**Scraped caption text data:**
********

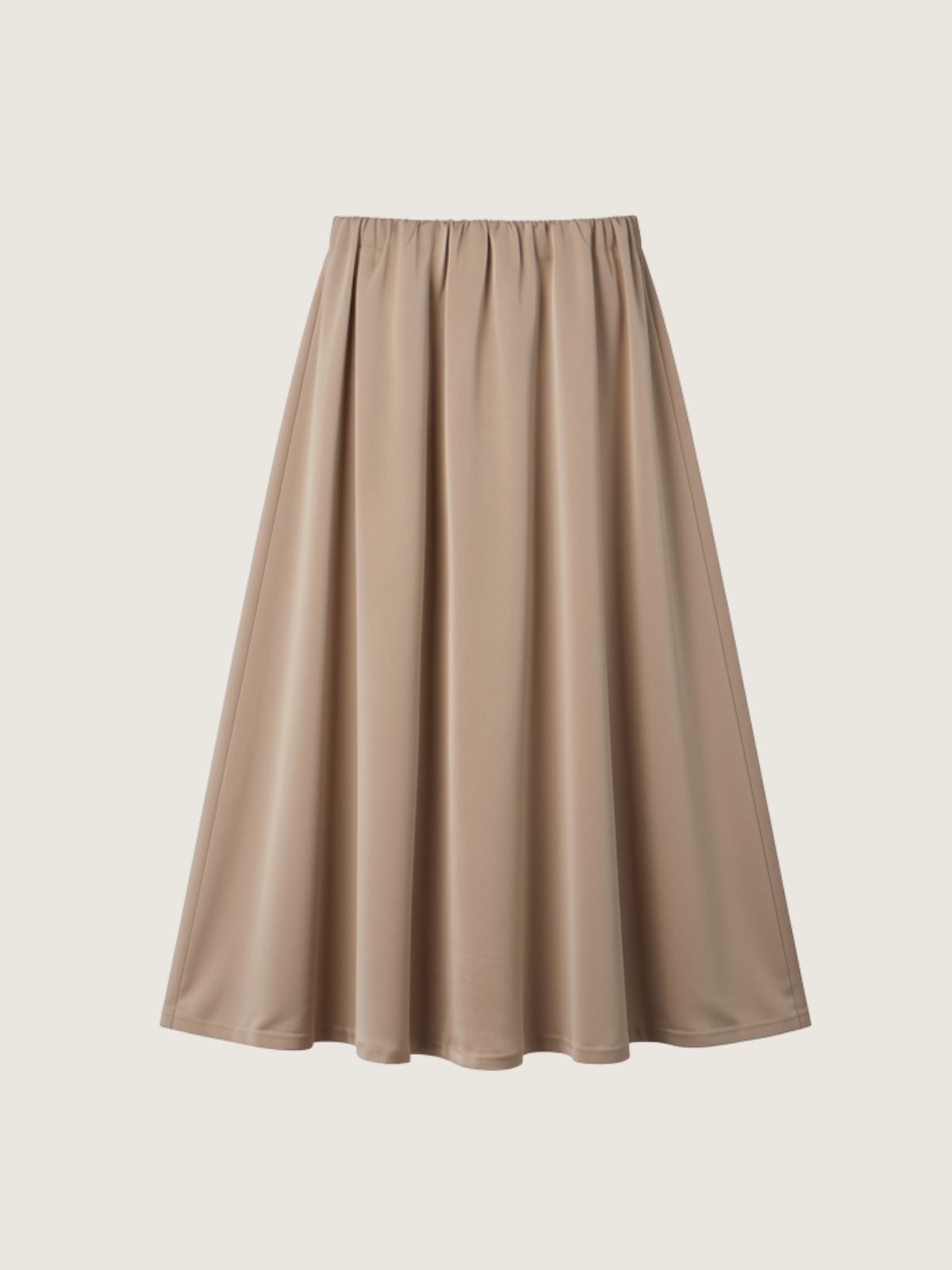 MONK & LOU - Kalina Skirt - 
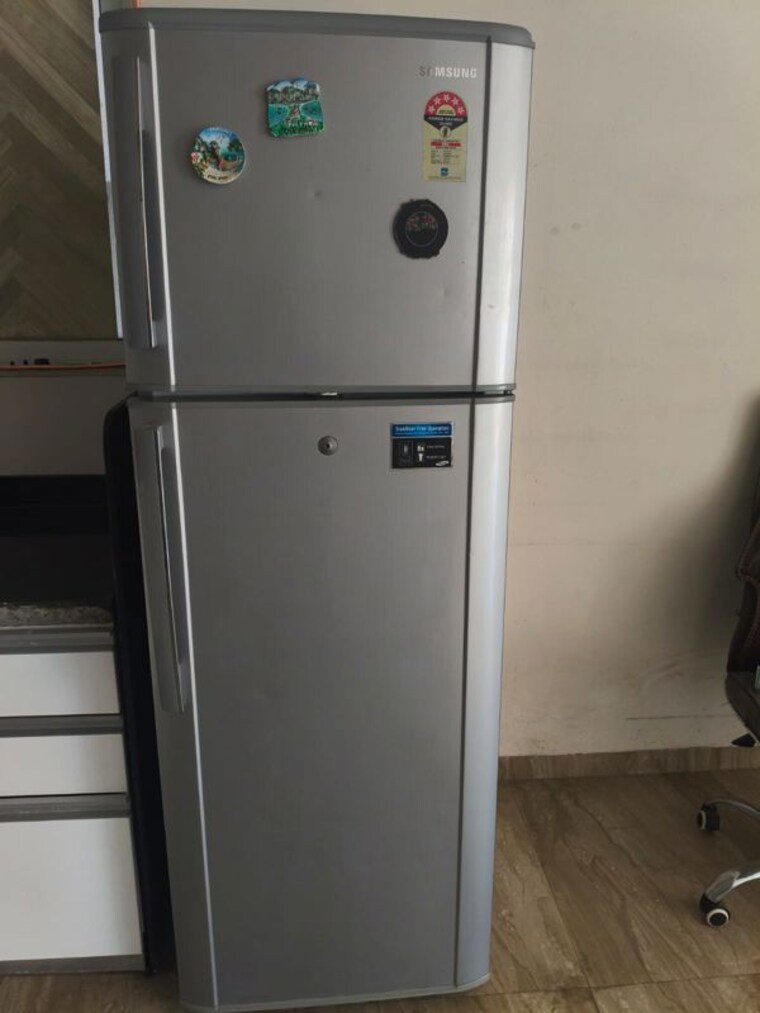 undefined, baner 2 Bedroom 775 Sq.Ft. Apartment In Baner Pune 10258852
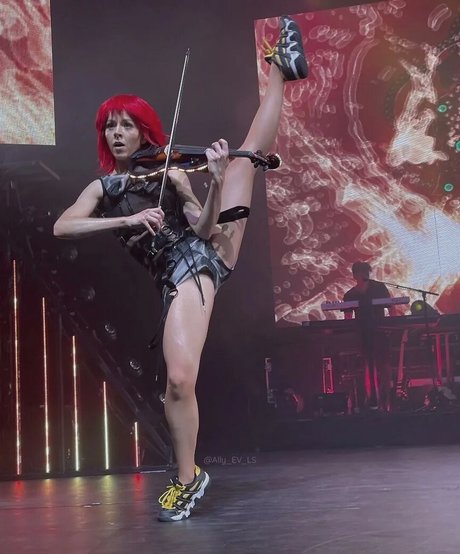 Lindsey Stirling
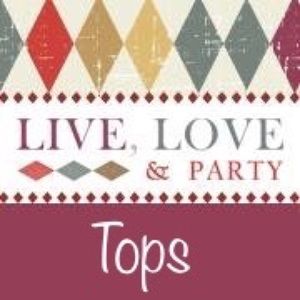 Tops•Shirts•Blouse oh my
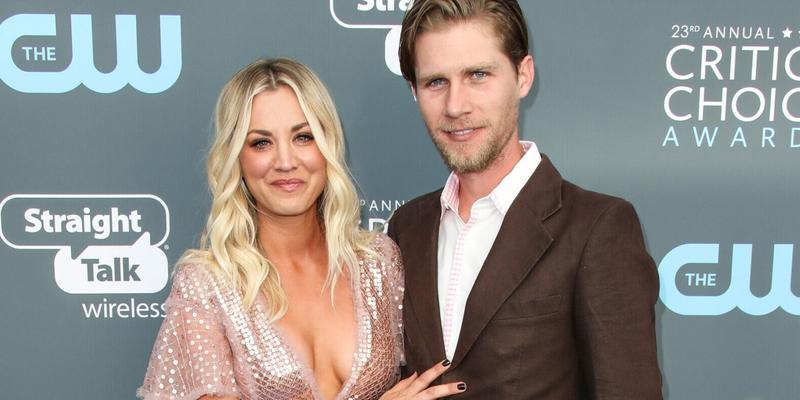 Kaley Cuoco Is Close To Settling Divorce With Ex-Husband Karl Cook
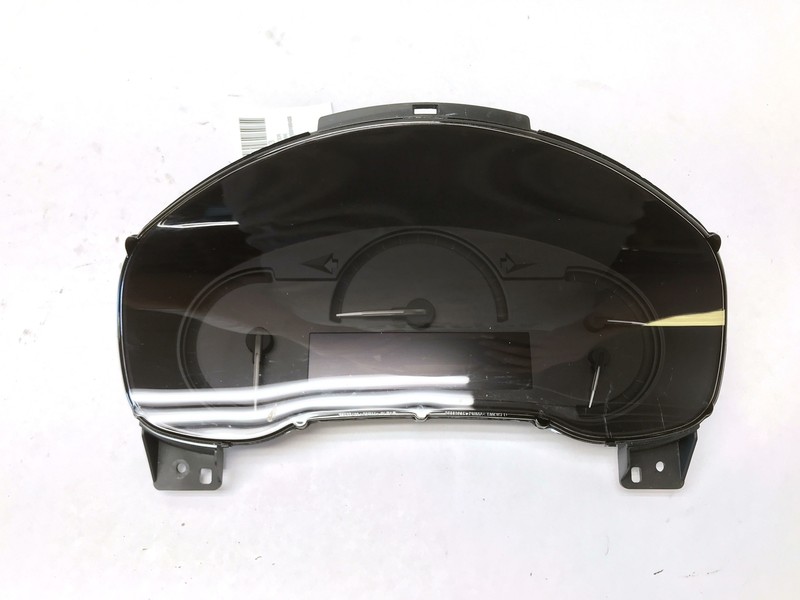 16 2016 CADILLAC CTS SPEEDOMETER CLUSTER OEM 84053996 5.7" 46K MILES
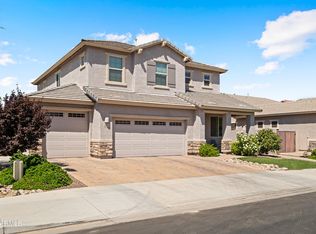 4892 S Quiet Way, Gilbert, AZ 85298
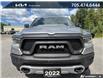 2022 RAM 1500 Rebel (Stk: 26-904P) in North Bay - Image 7 of 26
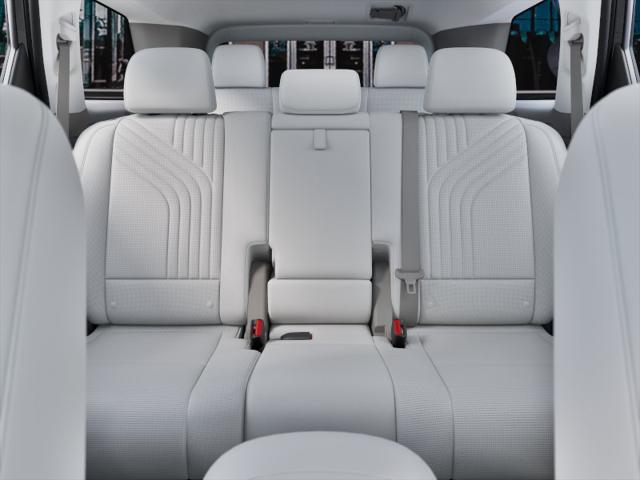 2026 Hyundai Palisade SEL Premium 8P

********

**WHAT IS EXPECTED:**
Extract, word for word, each line from the one that contains "4892 S Quiet Way, Gilbert, AZ 85298" through the final line of the data above. Leave the pictures out.

**SOLUTION TO THE PROBLEM:**
 4892 S Quiet Way, Gilbert, AZ 85298
 2022 RAM 1500 Rebel (Stk: 26-904P) in North Bay - Image 7 of 26
 2026 Hyundai Palisade SEL Premium 8P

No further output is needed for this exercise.